» Given data
┌──

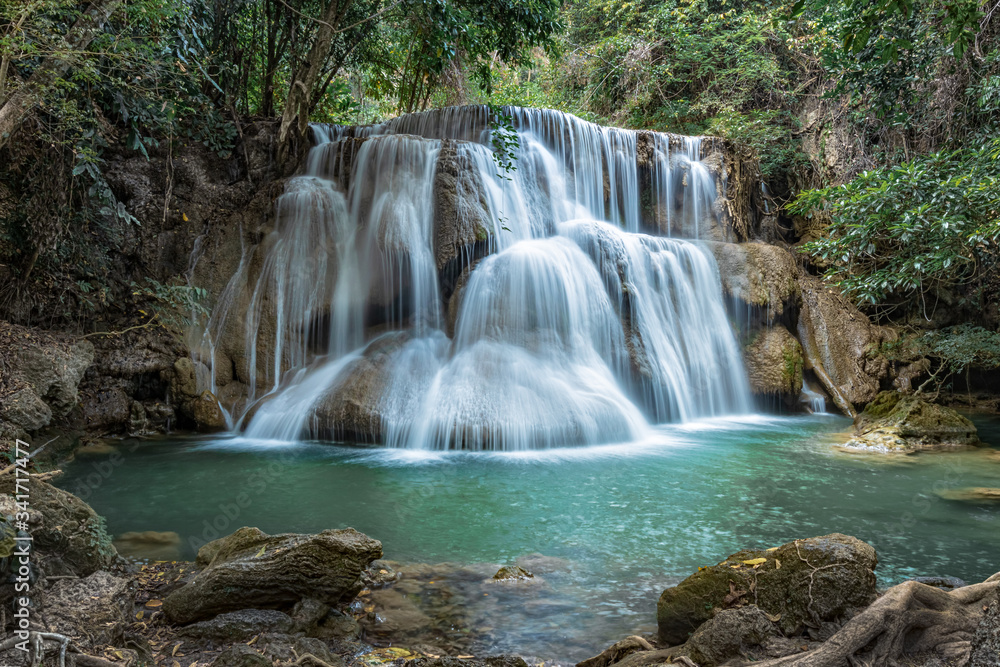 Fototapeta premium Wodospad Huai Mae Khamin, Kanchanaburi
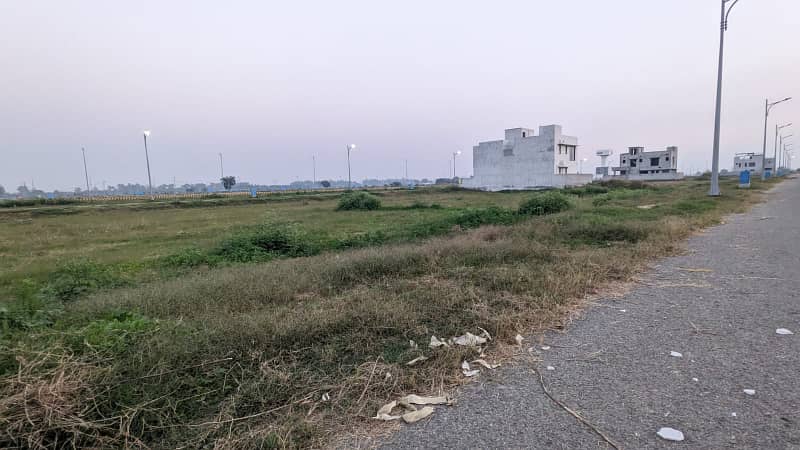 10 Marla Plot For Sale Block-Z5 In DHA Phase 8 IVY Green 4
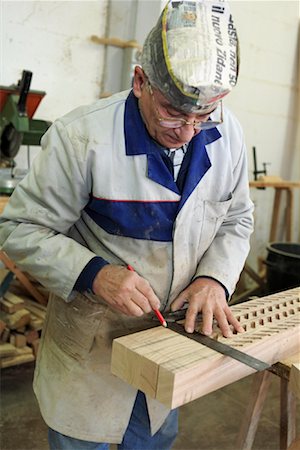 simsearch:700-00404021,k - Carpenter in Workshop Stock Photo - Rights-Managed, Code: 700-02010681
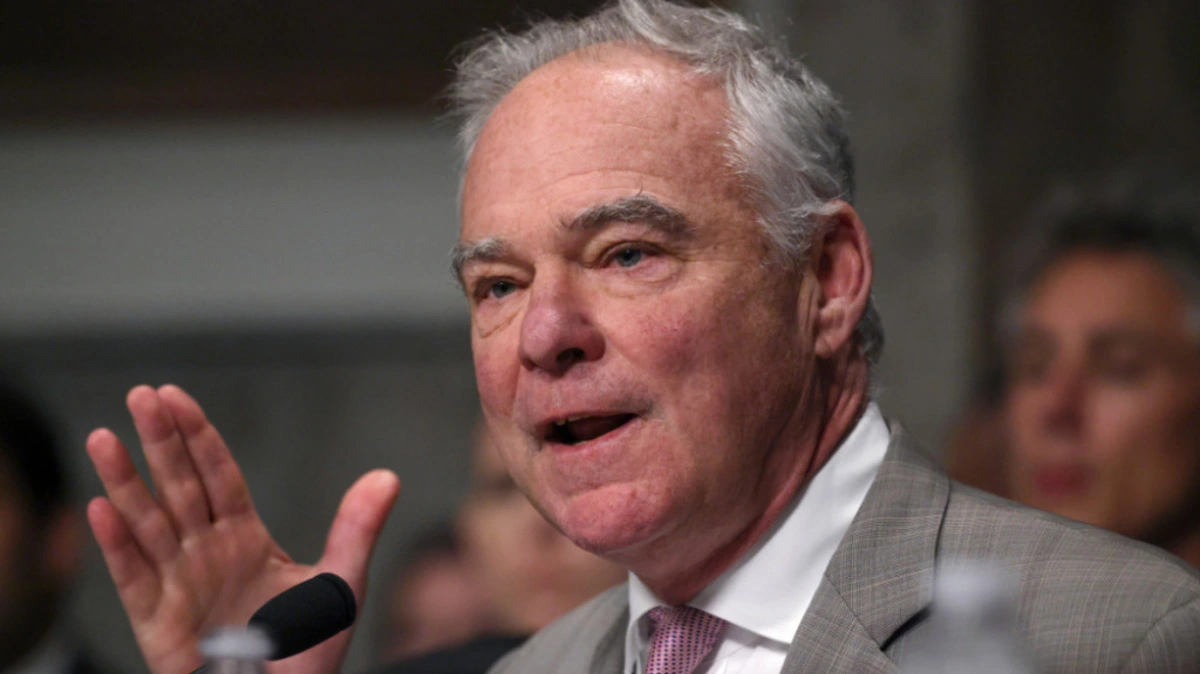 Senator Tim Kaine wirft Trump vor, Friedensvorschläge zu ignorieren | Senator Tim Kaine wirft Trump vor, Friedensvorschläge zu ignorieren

└──
┌──

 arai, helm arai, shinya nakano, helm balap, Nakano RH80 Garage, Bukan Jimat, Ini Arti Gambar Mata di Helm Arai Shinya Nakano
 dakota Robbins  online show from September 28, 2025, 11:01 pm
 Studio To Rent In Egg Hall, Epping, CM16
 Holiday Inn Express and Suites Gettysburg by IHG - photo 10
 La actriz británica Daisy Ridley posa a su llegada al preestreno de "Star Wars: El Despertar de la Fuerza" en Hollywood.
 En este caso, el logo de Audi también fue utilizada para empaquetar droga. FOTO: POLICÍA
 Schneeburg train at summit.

└──

In the listing above, find the line with "Fototapeta premium Wodospad" and the line with "simsearch:700-00404021,k - Carpenter". Transcribe those two and everything between, exactly, leaving out pictures.

» Task answer
 Fototapeta premium Wodospad Huai Mae Khamin, Kanchanaburi
 10 Marla Plot For Sale Block-Z5 In DHA Phase 8 IVY Green 4
 simsearch:700-00404021,k - Carpenter in Workshop Stock Photo - Rights-Managed, Code: 700-02010681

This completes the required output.